Em suas caminhadas pelas ruas do Rio, Peter Francis Lawlor surpreendeu-se com as imagens que viu, quando chegou em 1994. Desde então, sempre munido de sua câmera e pesquisando com curiosidade e atenção, costuma aproveitar com seus olhos itinerantes a cena carioca. Cada momento inusitado é motivo para ser capturado pela lente ousada e investigativa. Ipanema, Leblon, Centro, a Zona Norte da cidade com seus cenários característicos: nada lhe escapa ao olhar estrangeiro que, entre surpreso e fascinado, foi se familiarizando, pouco a pouco, com a paisagem tão particular.

Talvez motivado pelas próprias contradições, esse canadense-irlandês vai flagrando em suas fotos os grandes contrastes que a cidade lhe denuncia à lente atenta. Ainda motivado por um olhar ambivalente, entre o estrangeiro e o residente, vai registrando as ambigüidades dessa cidade, ora maravilhosa ora nem tanto.

Rio da violência, da urgência, do samba, da praia e do carnaval. Rio da natureza exuberante, de uma beleza de tirar o fôlego. Rio da armas expostas pelas janelas dos carros destroçados dos policiais. Rio dos assaltos, das crianças na rua vendendo chicletes ou fazendo malabarismos na frente dos carros parados no sinal que, quando abre, logo se escutam buzinas frenéticas exigindo passagem. Rio dos muitos morros, cravejados de favelas, de monumentais e milionárias residências ou verdes de um matagal que resiste confiante ao desmatamento. Rio que carrega em cada contradição a mais explícita exposição. Rio da pobreza e Rio da beleza; dos aleijados exibindo seu aleijão; das mulheres bonitas e bronzeadas expondo seus corpos cuidadosamente torneados. Rio do candomblé, de todos os santos. Rio dos pecados e dos prazeres...tudo isso se revela às lentes do fotógrafo, no instante da fotografia...Rio kitsch, belo, raro, feio ou sexual: tudo vira poesia. Mesmo quando o poético não mostra a beleza, se reveste dela. Essa é a função do olhar cuidadoso e sensível do artista.
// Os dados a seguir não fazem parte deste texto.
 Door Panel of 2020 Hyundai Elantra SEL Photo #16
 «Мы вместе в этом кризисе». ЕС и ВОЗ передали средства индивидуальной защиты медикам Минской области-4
Interessado em capturar o instante flagrado, esse artista-fotógrafo, morador de Ipanema, precisa dessa revelação no ato real. A angústia proveniente da incompreensão dos fatos, que escapam à realidade por deformações e contrastes, só é apaziguada pela necessidade de dar sentido através do ato de fotografar. Mas é por tudo isso que Peter Lawlor acaba criando uma espécie de crônica fotográfica da cidade do Rio de Janeiro, sintetizada pela ótica poética do artista. Através de suas fotos lemos a história contemporânea da cidade.
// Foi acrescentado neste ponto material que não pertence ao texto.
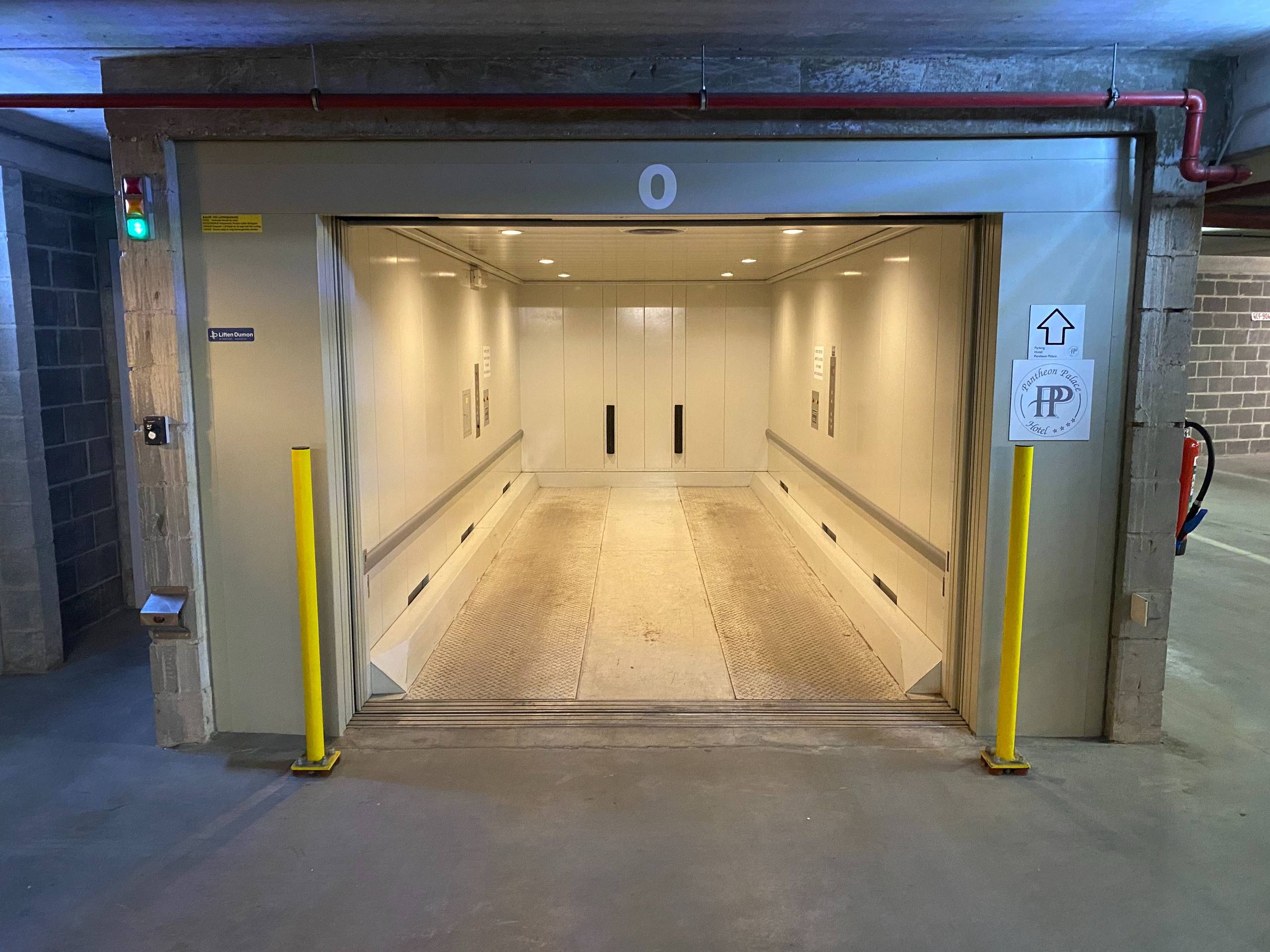 Uiterst centrale staanplaats te Blankenberge - foto 2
Sua fotografia parece mostrar um Rio de lixo e de luxo, muitas vezes deformado por imagens distorcidas, apenas refletidas em alguma superfície que possibilite um espelhamento qualquer. Para isso aproveita espaços naturais ou não. Mas parece buscar, insistentemente na deformidade, uma forma que dote a vida na cidade de um sentido ao seu olhar ávido de
entendimento. Às vezes a cidade é vista através de uma poça d’água como que a encarnar a inversão, o espelho de si mesma. O prazer, o belo, a lingerie, os amantes refinados, quase sempre aparecem em outdoors, em revistas ou jornais pendurados numa banquinha de jornal. Mundo acessível somente assim aos olhos dos homens mundanos, que, entusiasmados com essas imagens, param diante delas, aceitando simplesmente o deleite do olhar sobre aquilo que lhes é terminantemente inatingível. É exatamente aí onde se cruzam o cidadão comum e o artista, uma vez que ambos usam o olhar e a imaginação diante da realidade ou da ilusão.
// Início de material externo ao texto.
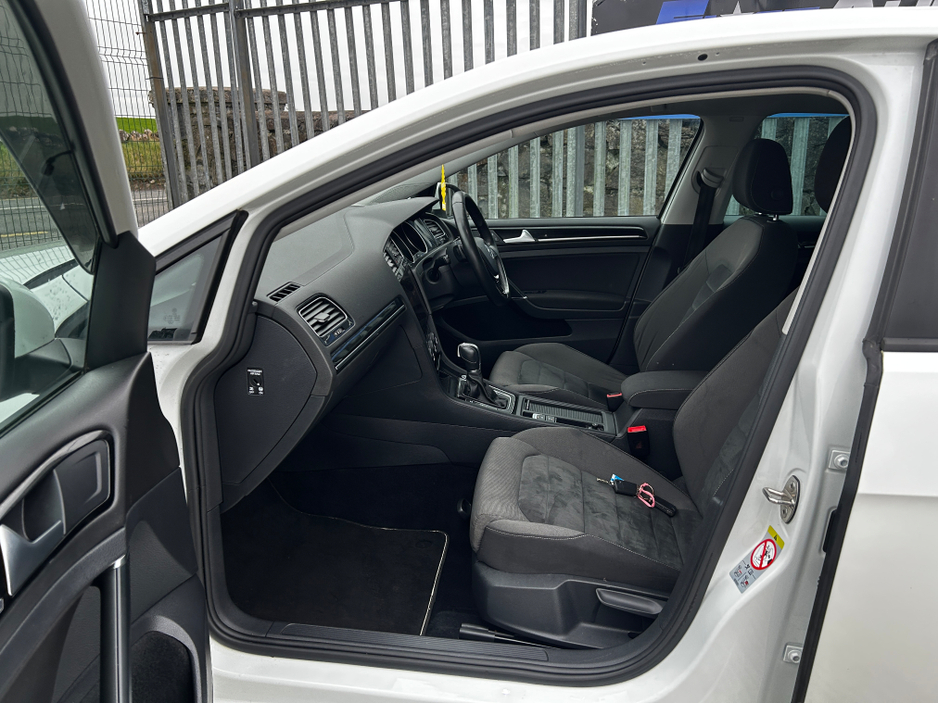 2017 Volkswagen Golf - image 13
O título “The Black and White of Rio” não se refere exatamente ao preto e branco predominante em suas fotos, mas à idéia de um Rio posto a nu, pelo inusitado de suas imagens. Através de um jogo refletido de luz e sombra, o Rio é desnudado no contraste entre a imobilidade da imagem fotografada e a idéia plástica da cena carioca, em que a ginga e o movimento parecem continuar na fotografia. É aí que entra a sensibilidade da visão do artista quando consegue estender o déjà vu da imagem à cena surpreendentemente nova, porque absolutamente transformada pela câmera. Nesse sentido, a visão banalizada de tão comum
aos olhos do cidadão carioca acaba surpreendendo-o igualmente, uma vez que a paisagem cotidiana é transformada pelo caráter único das fotos. Aí o fotógrafo é capaz de surpreender tanto ao estrangeiro quanto à gente da terra, já que todos param para olhar o incomum.